▸ **Aim of the task**:
Would you repeat every line of the material exactly?

▸ **Data shown**:
###
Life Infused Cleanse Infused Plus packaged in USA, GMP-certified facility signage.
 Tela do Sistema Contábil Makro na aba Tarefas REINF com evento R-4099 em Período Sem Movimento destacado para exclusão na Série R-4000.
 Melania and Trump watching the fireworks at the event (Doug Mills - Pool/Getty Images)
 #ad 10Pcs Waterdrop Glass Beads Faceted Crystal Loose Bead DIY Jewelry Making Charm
###
▸ **Response to this task**:
Life Infused Cleanse Infused Plus packaged in USA, GMP-certified facility signage.
 Tela do Sistema Contábil Makro na aba Tarefas REINF com evento R-4099 em Período Sem Movimento destacado para exclusão na Série R-4000.
 Melania and Trump watching the fireworks at the event (Doug Mills - Pool/Getty Images)
 #ad 10Pcs Waterdrop Glass Beads Faceted Crystal Loose Bead DIY Jewelry Making Charm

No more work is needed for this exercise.